Die Kommissarin glaubt ob der zur Schau gestellten Brutalität nicht an einen schnöden Raubmord, zumal der Täter gerade mal 3450 Euro erbeuten konnte. Als sich kurz darauf ein zweiter Geldbote einen Kopfschuss einfängt, nimmt Dorn zusammen mit ihrem scheidenden Chef Stich (Thorsten Merten) die Sicherheitsfirma aufs Korn, bei der die beiden Kuriere angestellt waren. Bald stellt sich heraus, dass es bei "Geist Security" alles andere als koscher zugeht - was allerdings schlagartig in den Hintergrund rückt, als sich herausstellt, dass es auch abseits des Firmennamens um Gespenster geht.

Worum geht es wirklich?

Ohne an dieser Stelle zu viel verraten zu wollen: Um nicht mehr und nicht weniger als die Zukunft des Weimarer "Tatorts". Neugierige werden zwar auch jetzt schon im Internet fündig, für alle anderen möchten wir die Spannung aber bis zum Sendetermin aufrechterhalten.

Wegzapp-Moment?

Gibt es im Grunde genommen nicht so wirklich.

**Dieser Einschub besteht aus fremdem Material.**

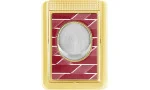 S.T. Dupont vágó és szivarállvány Monogram 1872 Bordeaux piros 003478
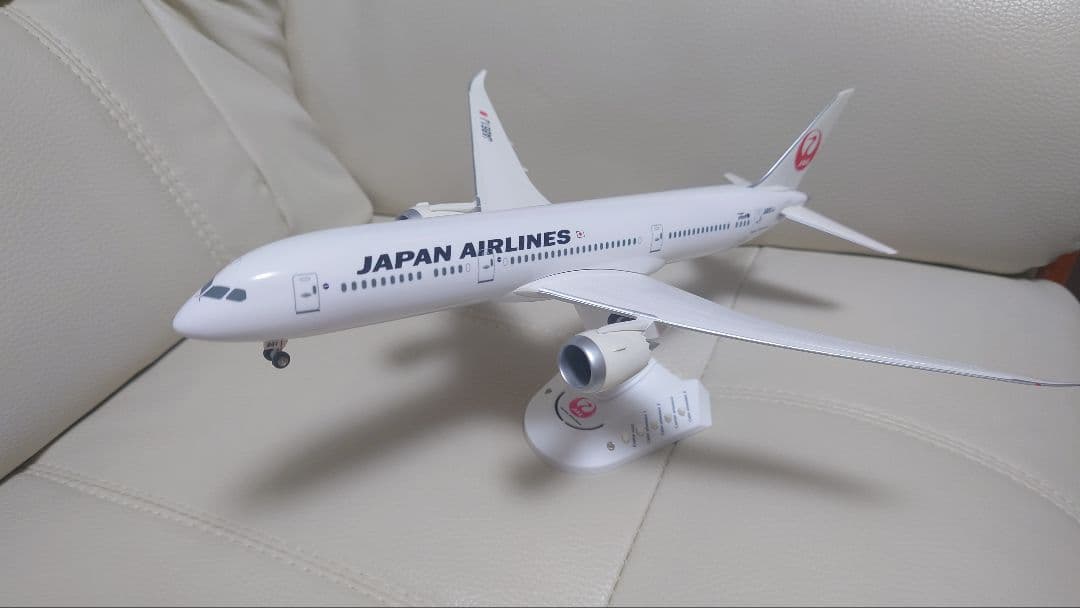 JAL 787-9サウンドジェットモデル LEDライト - メルカリ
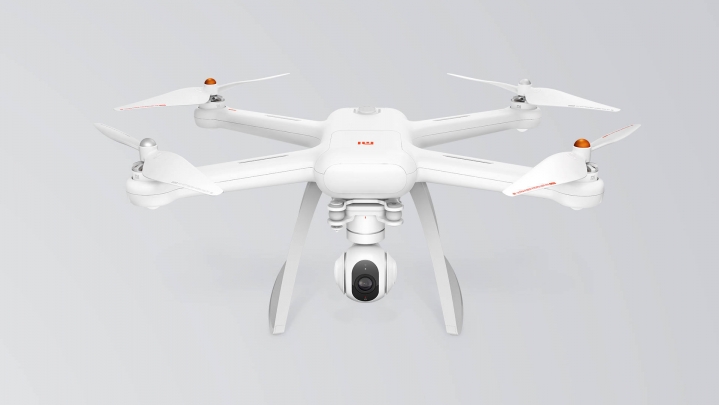 Test Mi Drone : faut-il craquer pour le drone de Xiaomi ?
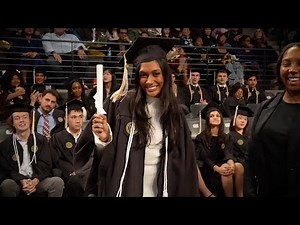 Ramblin' On: Fall Commencement at Georgia Tech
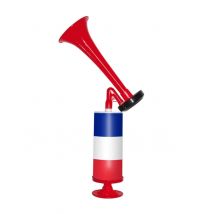 Corne De Brume Manuelle France - Thème: Nationalité Et Supporters - Couleur: Multicolore - Taille: Taille Unique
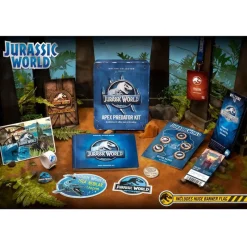 DOCTOR COLLECTOR Otros Merchandising-Jurassic World Apex Predator Kit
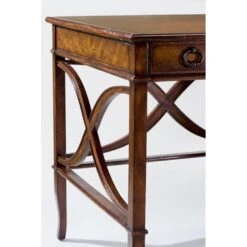 L'ecriture Pedestal Desk 8 L'ecriture Pedestal Desk -France and So Furniture 7105 243 more 4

Ein bisschen drüber ist allerhöchstens die Szene, in der Kommissar Stich von der Verwaltungsbeamtin vernascht wird, die Vögel und vögeln liebt - aber auch das dürfte am Ende Geschmackssache sein.

Wow-Faktor?

Mehr zum Thema

Der Rückblick, mit dem der gewaltige Story-Twist rund um Christian Ulmens "Tatort"-Figur Lessing erklärt wird - und die direkt aus "Fight Club" stammen könnte.

Wie ist es?

8,5 von 10 Punkten. "Der feine Geist" ist ein krachender Auftakt ins "Tatort"-Jahr 2021.